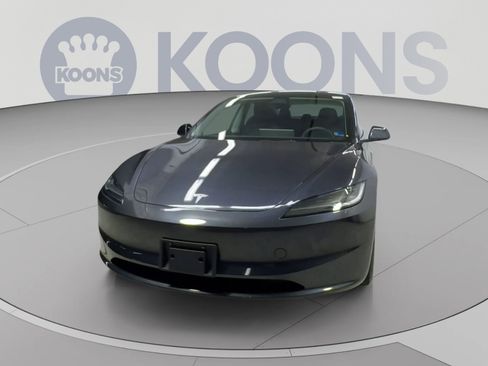 Used 2024 Tesla Model 3 Standard Range RWD image 4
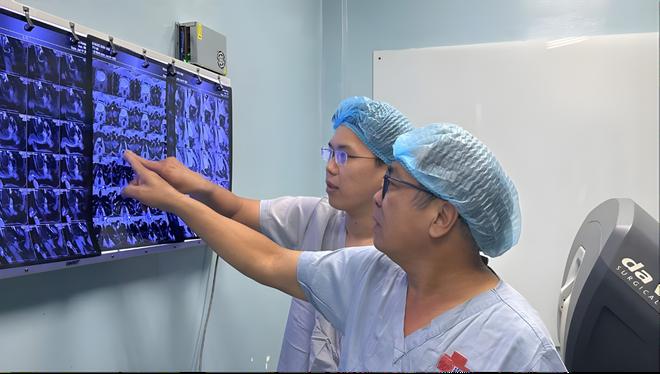 Phẫu thuật bằng robot: 'Cánh tay' chủ lực trong điều trị ung thư tuyến tiền liệt - Ảnh 3.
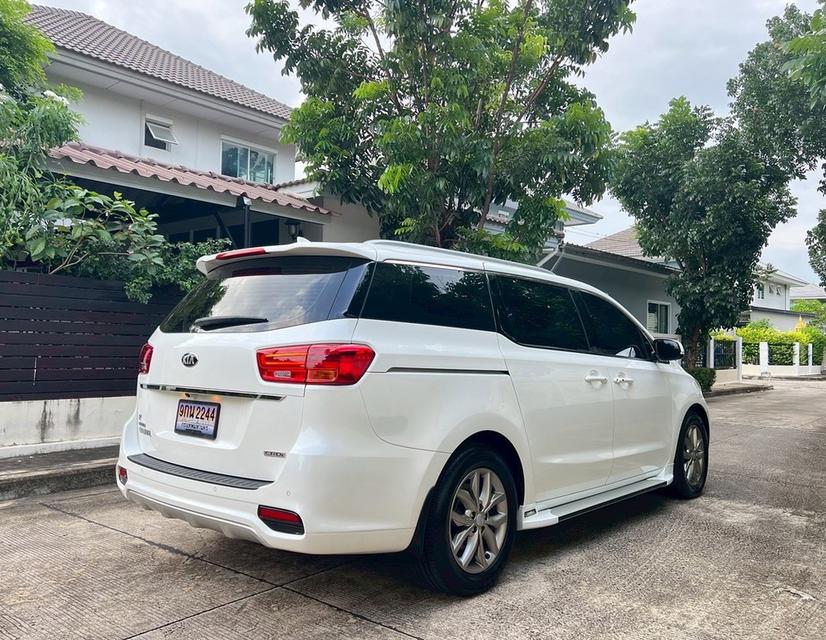 รหัสรถ AP2244 KIA Grand Carnival Minorchange 2.2 EX 8AT ปี20 สีขาว 3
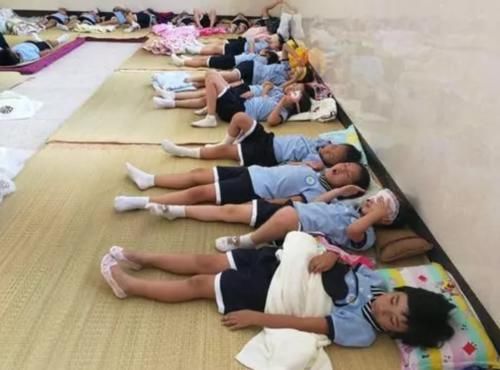 中小学迎来午休课，躺睡时长约40分钟，五一后或将开始实行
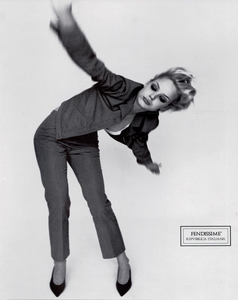 Borthwick_Fendissime_Spring_Summer_1996_02.thumb.png.e6657a6b4b3b953d0206814b0c63a224.png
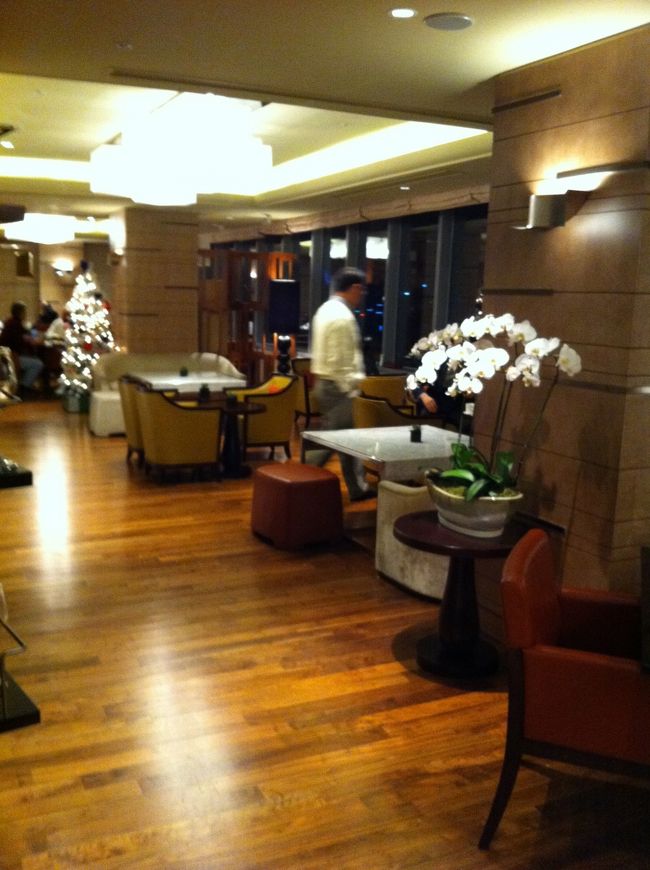 一旦Wifiを拾いにホテルに戻ってきました。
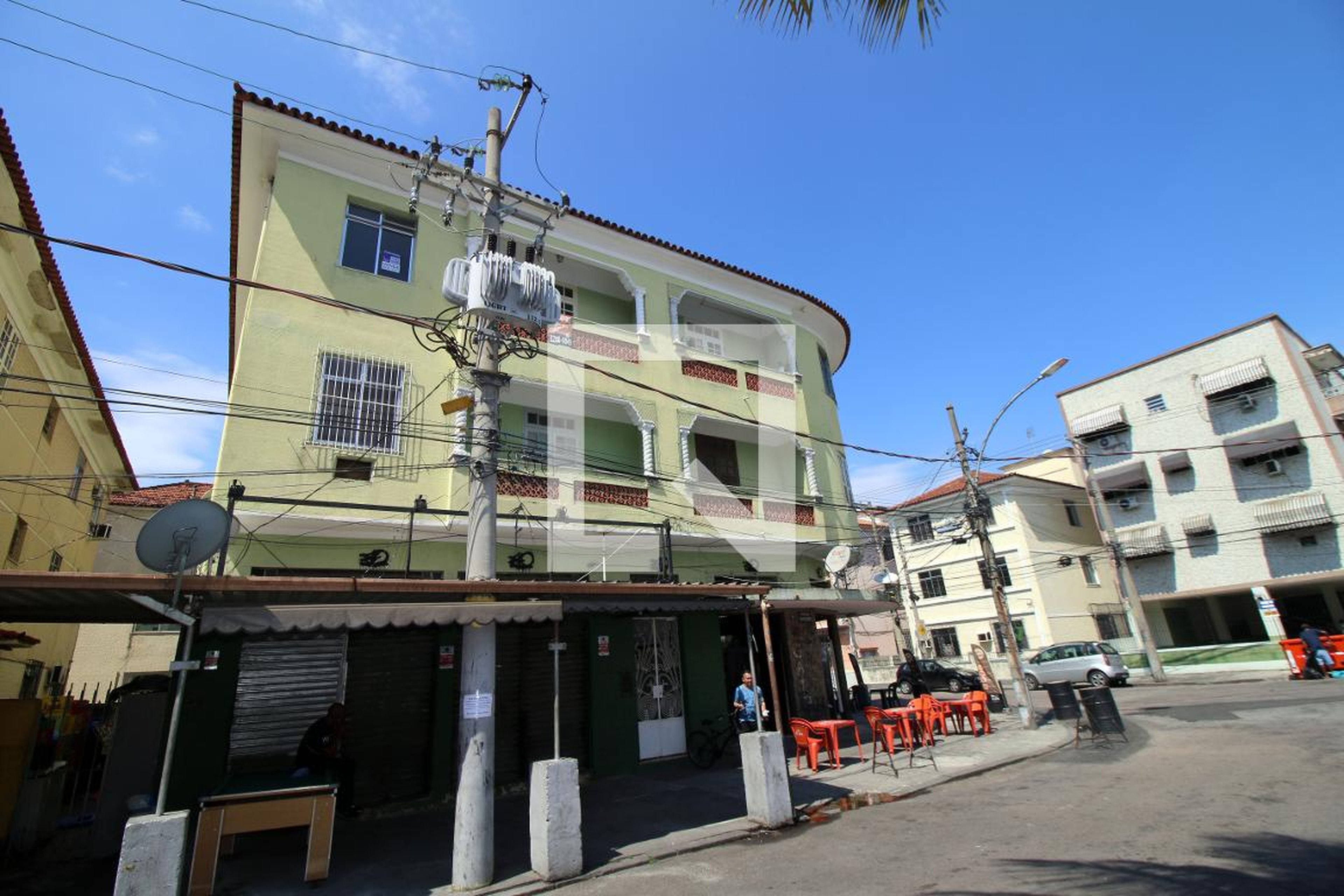 Fachada do Prédio Condomínio em Praça Oliveira Campos, 10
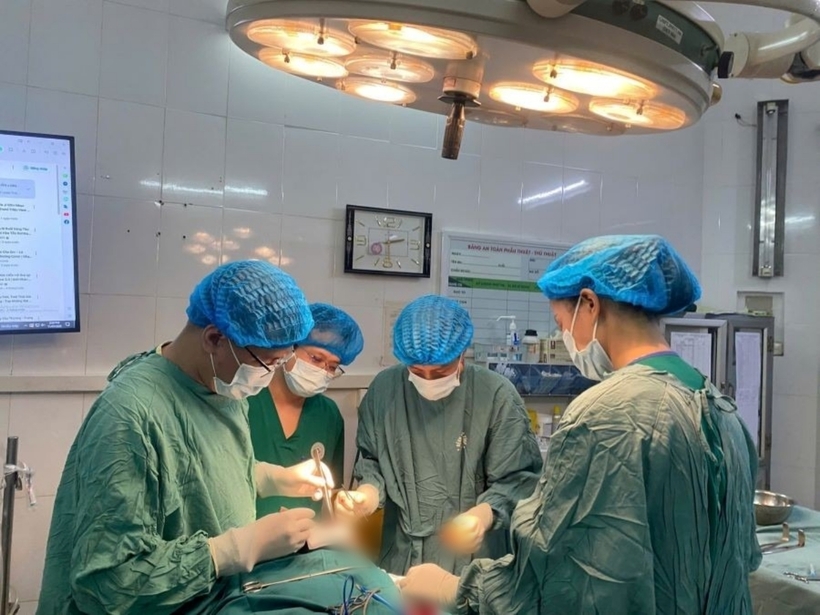 Các bác sĩ tiến hành phẫu thuật cho bệnh nhi. Ảnh: Giáo Dục và Thời Đại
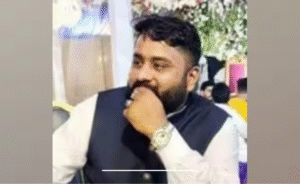 பாகிஸ்தானில் போலீசார் விசாரணை மேற்கொள்ளும் காட்சி மற்றும் சம்பவம் நடந்த இடம்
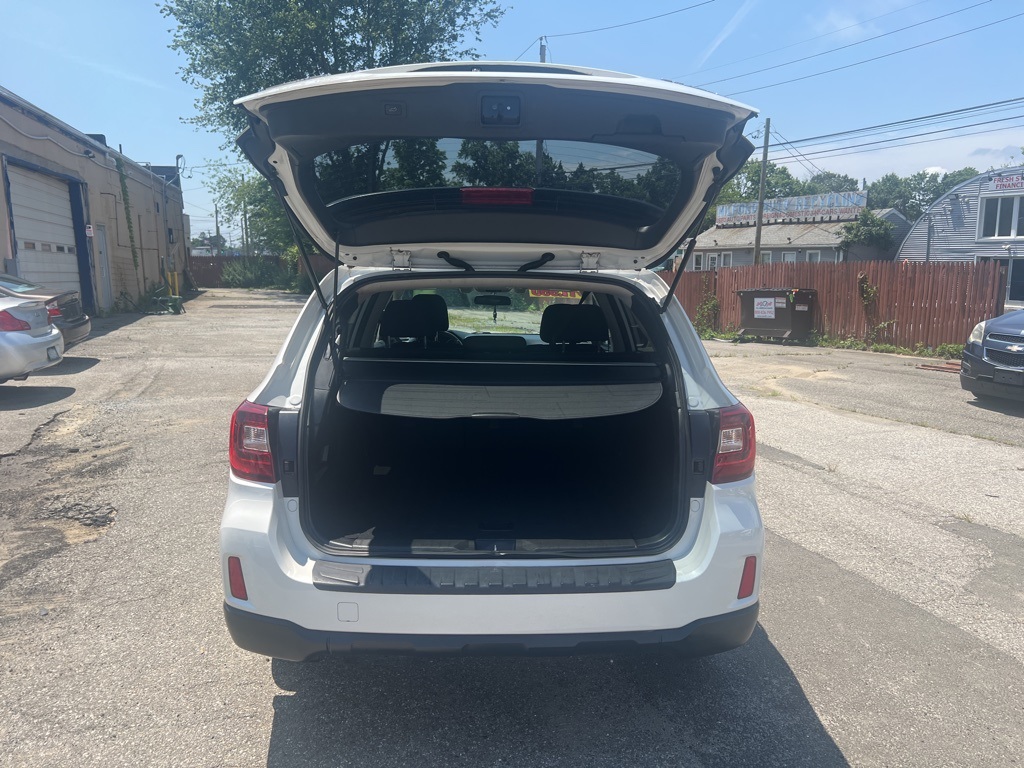 2015 Subaru Outback 2.5i Premium Image 18 of 47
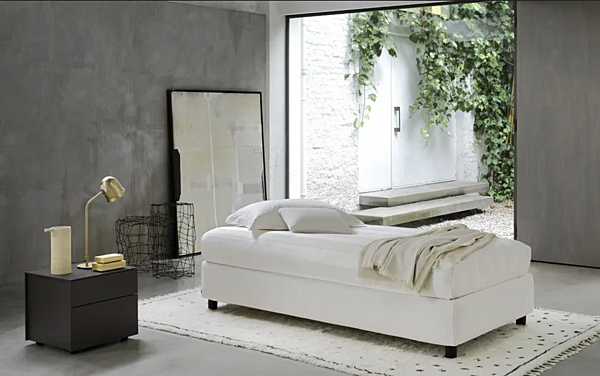 Letto singolo sommier in legno Flou collezione  fabbrica Flou dall'Italia. Foto №2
■ ■ ■ ■ ■
Word for word, repeat only the lines from the line containing "Fachada do Prédio" through the end of the data, without any pictures.

### WRITTEN SOLUTION
 Fachada do Prédio Condomínio em Praça Oliveira Campos, 10
 Các bác sĩ tiến hành phẫu thuật cho bệnh nhi. Ảnh: Giáo Dục và Thời Đại
 பாகிஸ்தானில் போலீசார் விசாரணை மேற்கொள்ளும் காட்சி மற்றும் சம்பவம் நடந்த இடம்
 2015 Subaru Outback 2.5i Premium Image 18 of 47
 Letto singolo sommier in legno Flou collezione  fabbrica Flou dall'Italia. Foto №2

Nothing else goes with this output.